Pork Loin with Poblano Chiles
This chile pepper is often mislabeled ‘Pasilla’, which is a different pepper entirely.It is one of the most popular chiles in Mexico and has won the appreciation of many a chef worldwide because of the superior flavor it has over regular bell peppers.
They have a tough outer skin that usually requires roasting and peeling before use. These very large chile peppers are most popular in chiles rellenos recipes, but cooking with these as a substitute for bell peppers in any recipe will enhance the flavor.
1 serrano chile
1 or 2 poblano chiles
1 small to medium onion
4 cloves garlic
1 lb pork tenderloin
2 to 3 Tbsp butter
Salt and pepper
1/4 cup cream
Limes, cut into wedges
Dice mushrooms, chiles, onion, and garlic. Cut pork into evenly sized medallions, about an inch thick.
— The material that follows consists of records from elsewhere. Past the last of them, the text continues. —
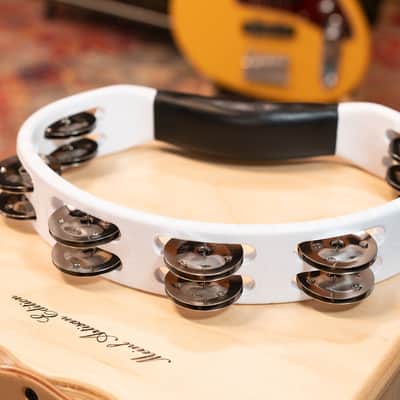 MEINL Percussion Headliner® Series Molded ABS Dual-Row Tambourine - White image 3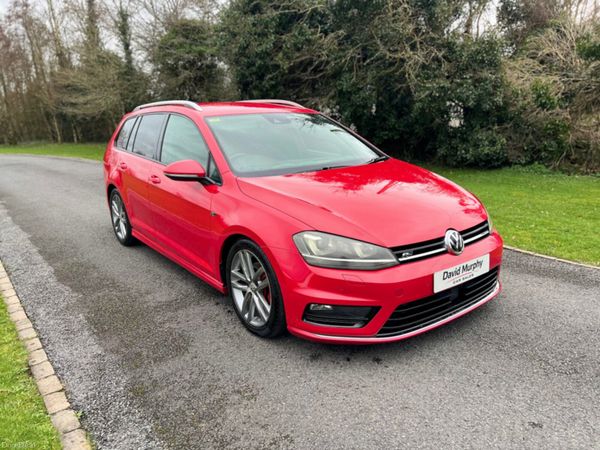 Volkswagen Golf Estate, Petrol, 2014, Red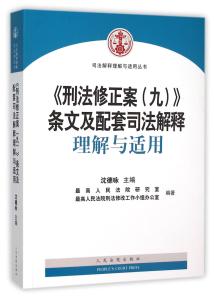 刑法修正案八条文及配套司法解释理解与适用 刑法修正案八条文及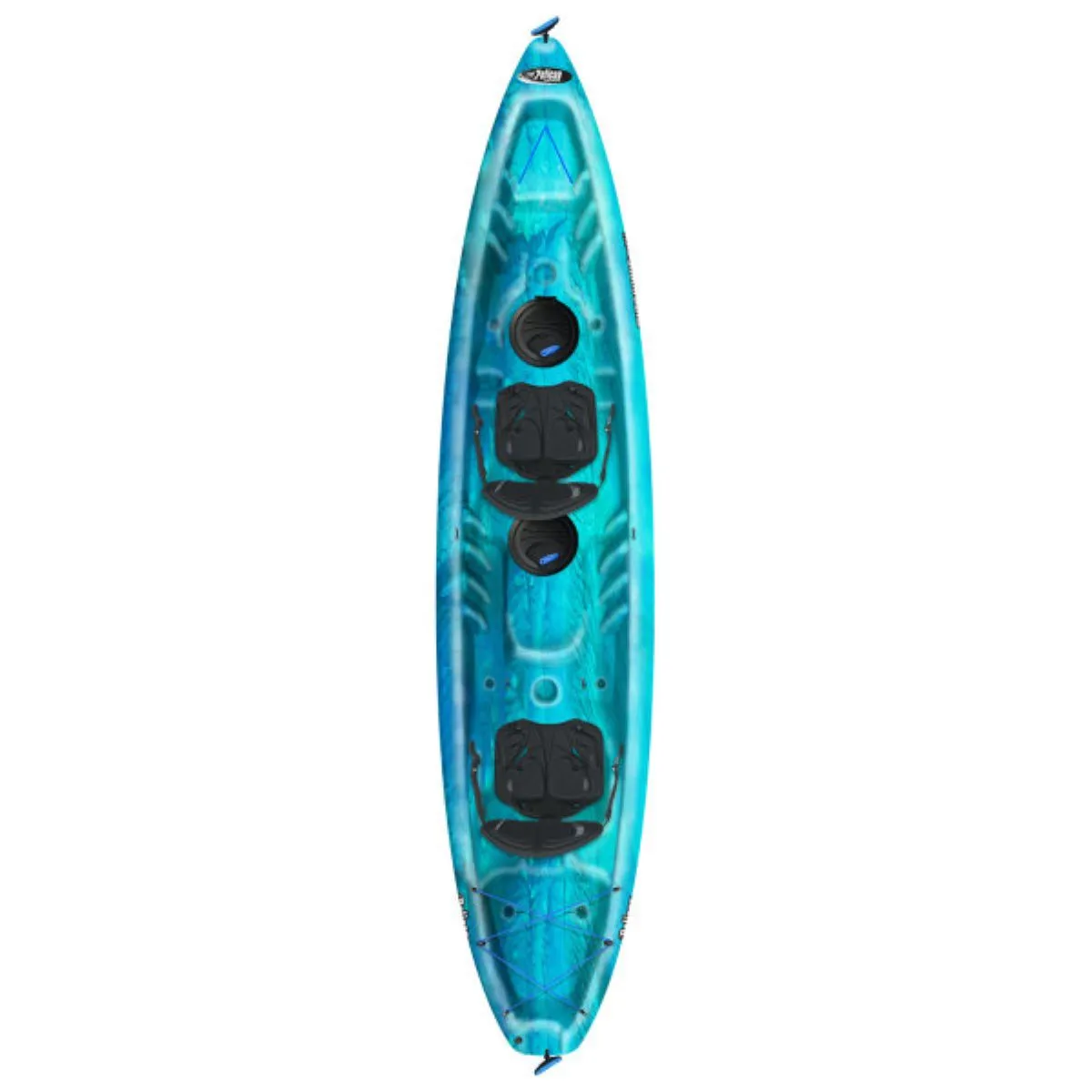Pelican Rivergorge 130Xp Tandem Kayak Aquamarine / White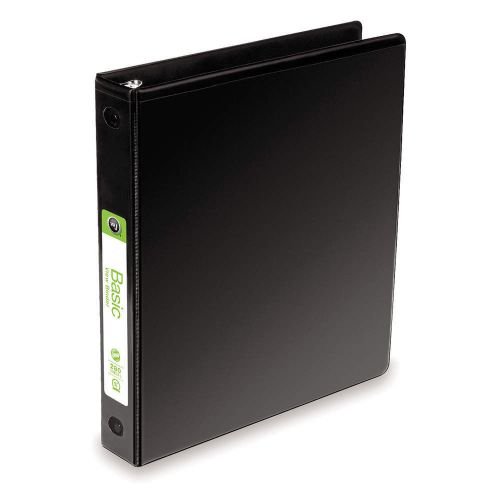 Basic Binder, View, Round Ring, 1/2in, Black W362-13BPP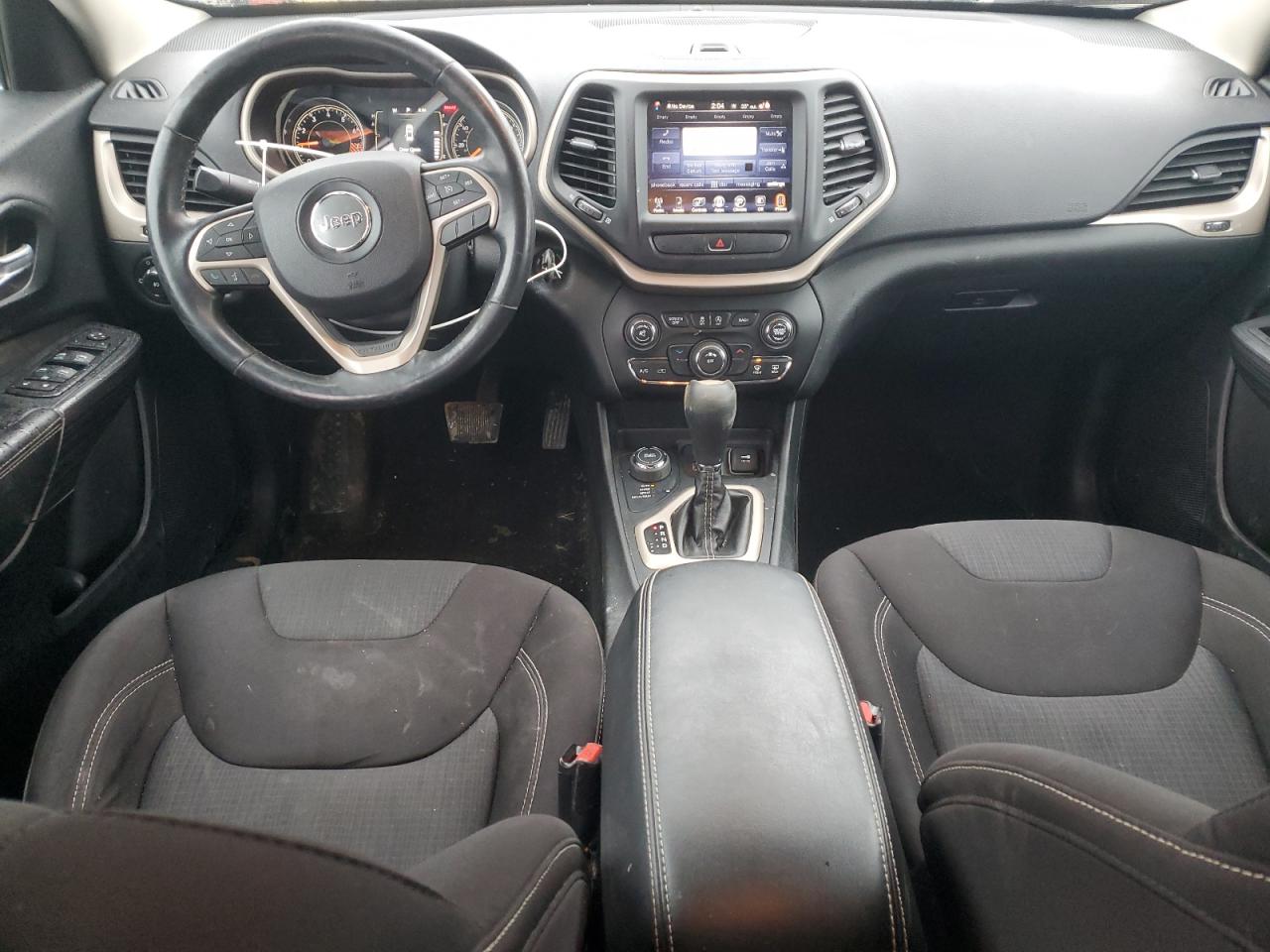 2015 Jeep Grand Cherokee VIN 1C4PJMCS0FW654406 Copart auction photo, front end / side damage thumbnail 8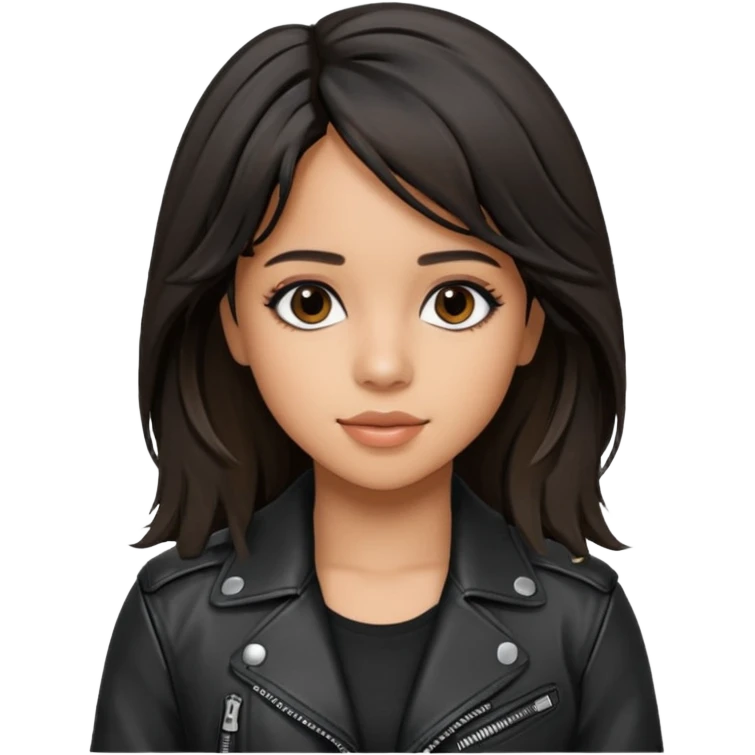 camila cabello wear leather jacket emoji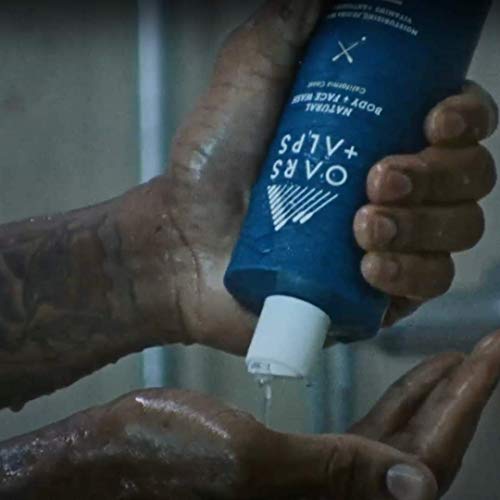 Oars + Alps Mens Moisturizing Body And Face Wash, Skin Care Infused With Vitamin E And Antioxidants, Sulfate Free, California Coast, 2 Pack #TOP2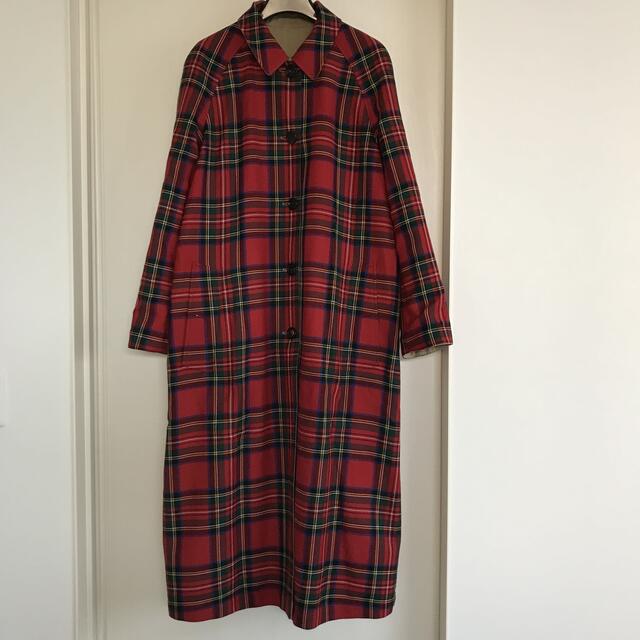 BURBERRY(バーバリー)のBURBERRY リバーシブル チェック ステンカラーコート バルマカーンコート メンズのジャケット/アウター(トレンチコート)の商品写真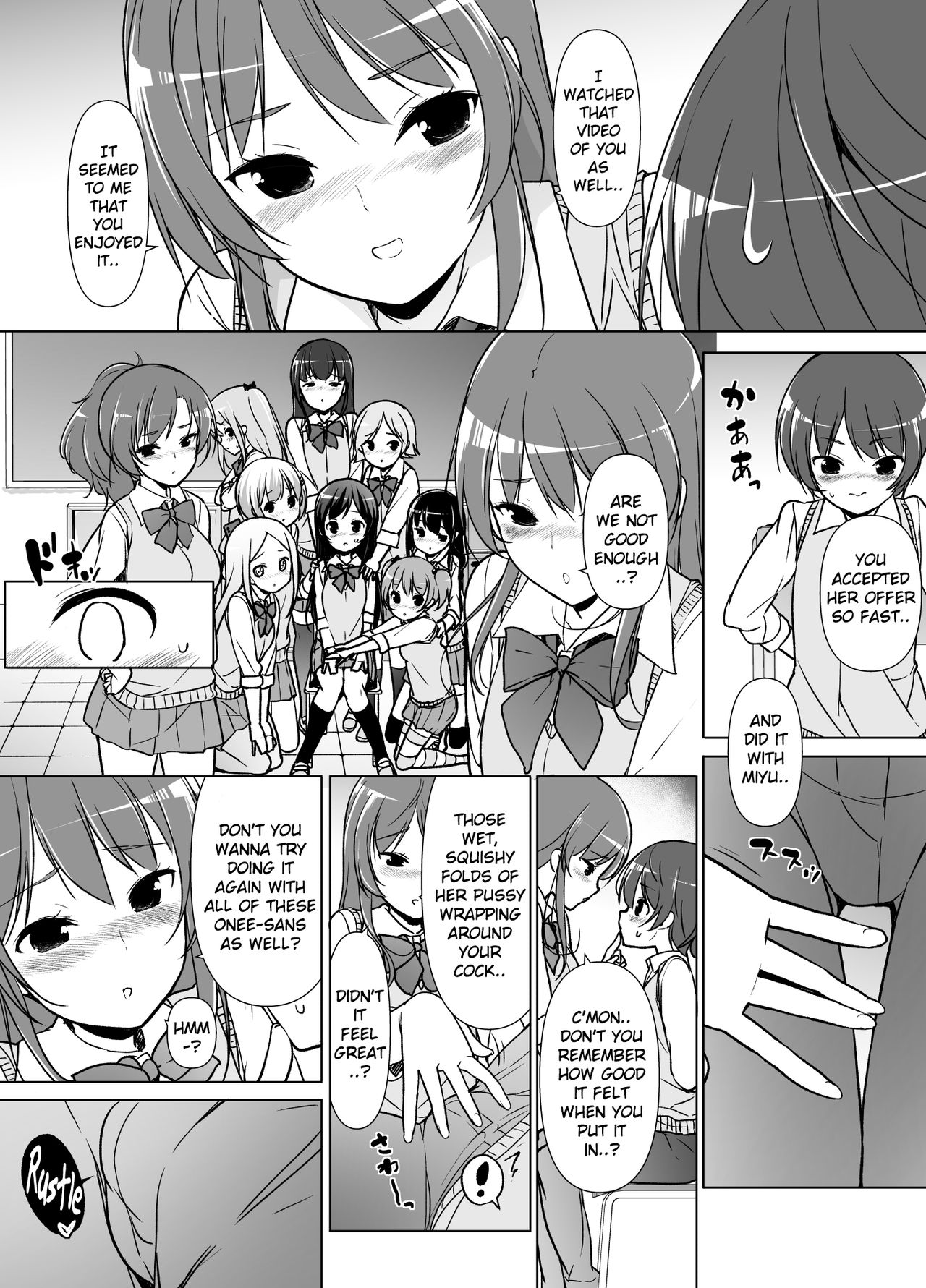 [まっさら島 (元虫)] ハーレムten～一人で10人お相手！！[英訳]
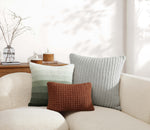 Snug Striped Euro Pillow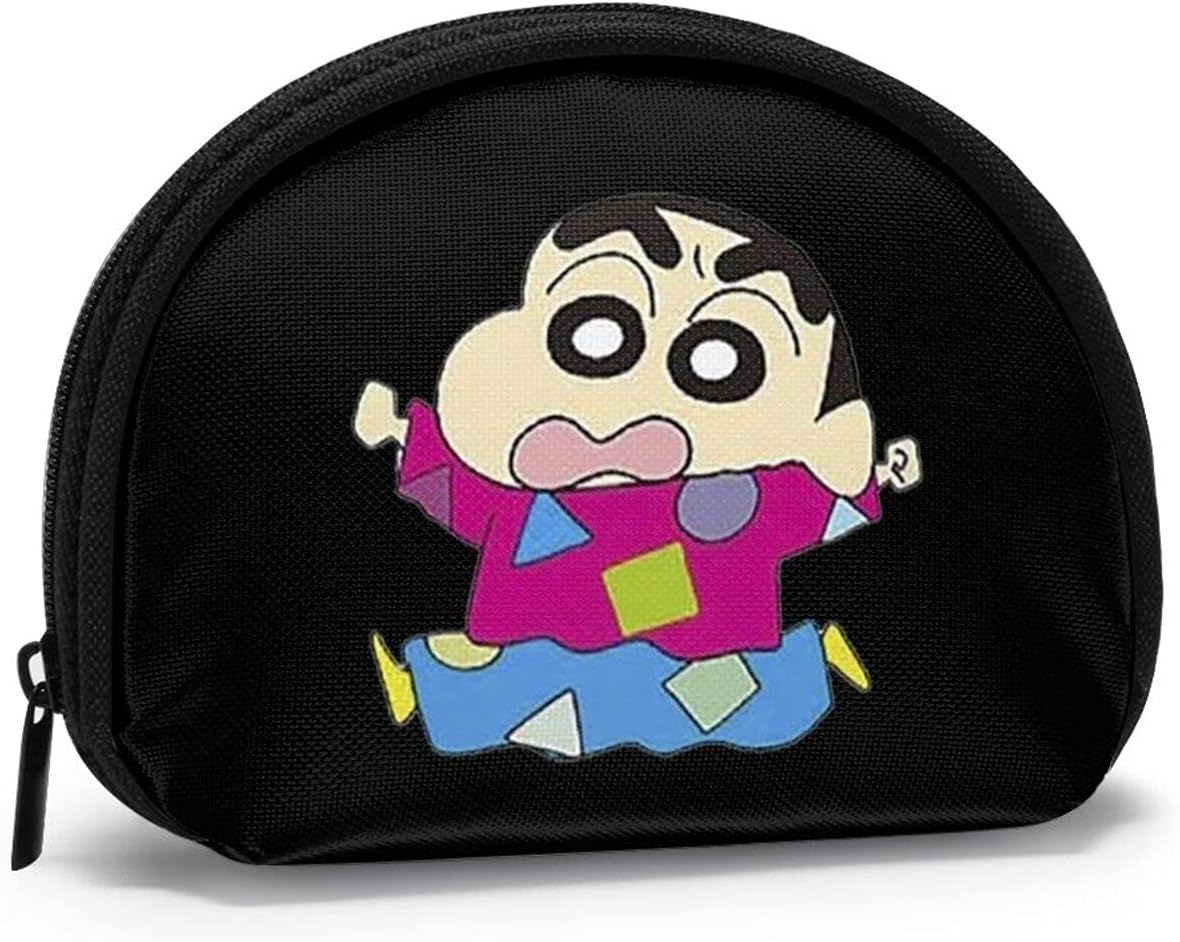 クレヨンしんちゃん 小銭入れ ミニ財布 収納ポーチ 化粧ポーチ コインポーチ 出張 旅行用 キャラクター アニメ コンパクト テレビで話題 人気 財布 お泊まり シンプル グッズ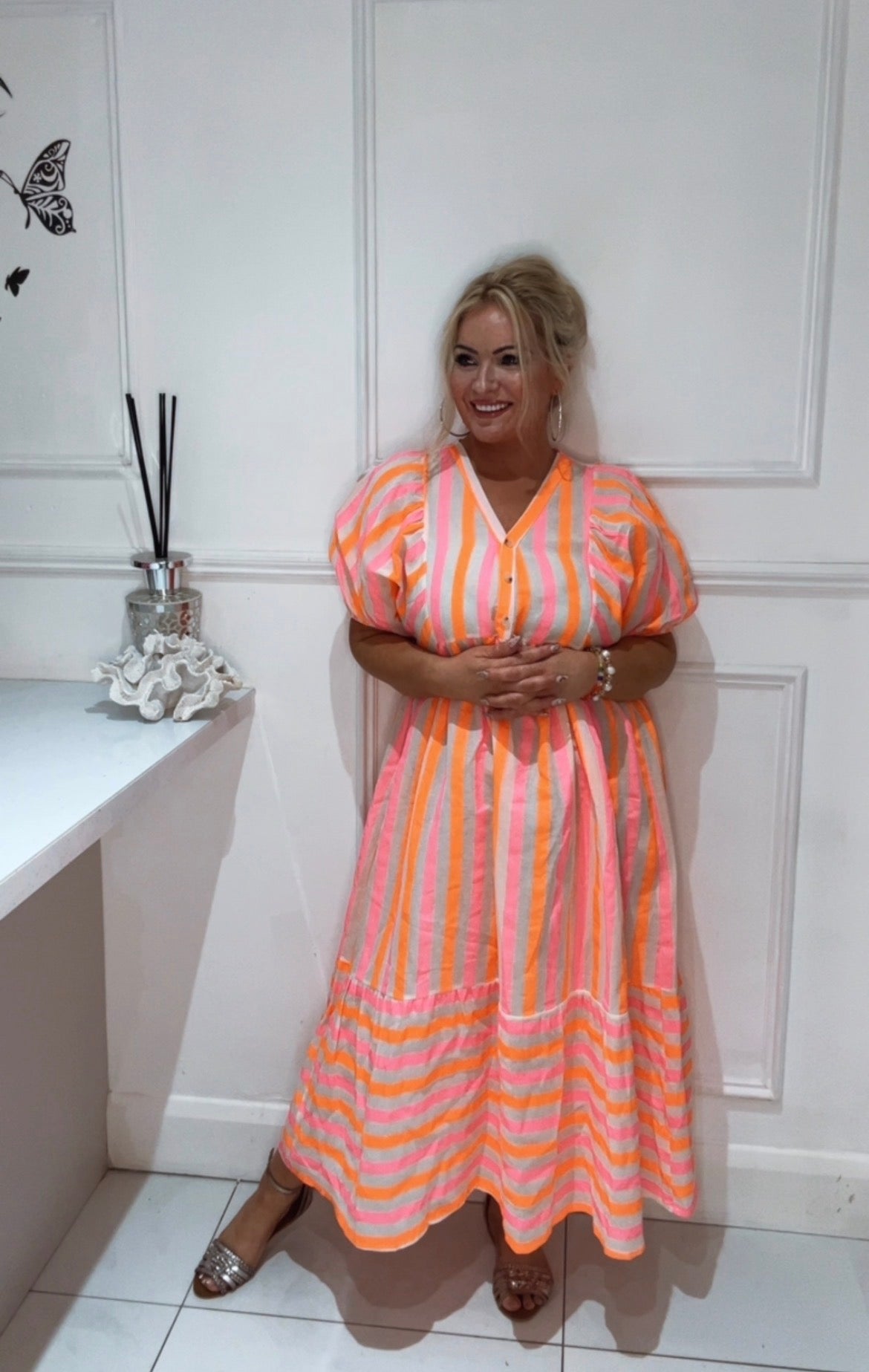 The Sadie ( pink & orange )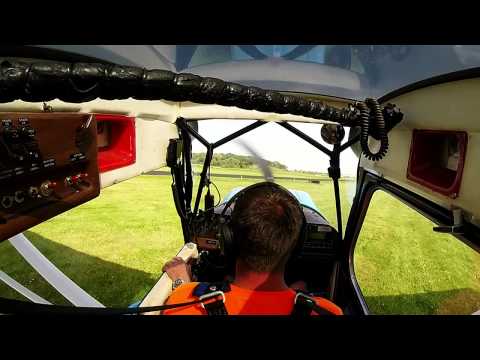 FIRST TAILWHEEL LESSON IN A CITABRIA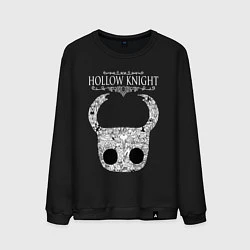 Свитшот хлопковый мужской Hollow Knight, цвет: черный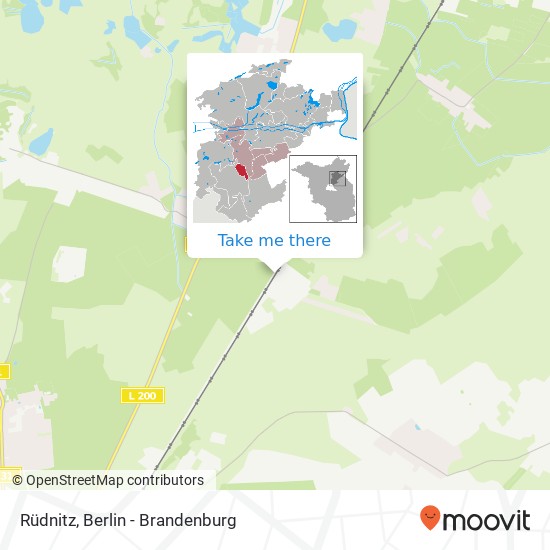 Rüdnitz map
In a hot skillet big enough for all the pork, add a tablespoon of butter and a little oil. Add a fourth of the garlic, mushrooms, and chiles. Sauté for a few minutes. Add the pork and sauté each side of the medallions for 10 minutes or so, or until almost done. Remove the pork.
Add the remaining vegetables and salt and pepper, and cook until translucent and soft, about 5 to 10 minutes. Add the cream slowly and stir to avoid curdling. Add a bit more butter and return the pork to the pan, and simmer for 10 minutes.
Garnish with cilantro and lime wedges, and serve with warm tortillas and cheese.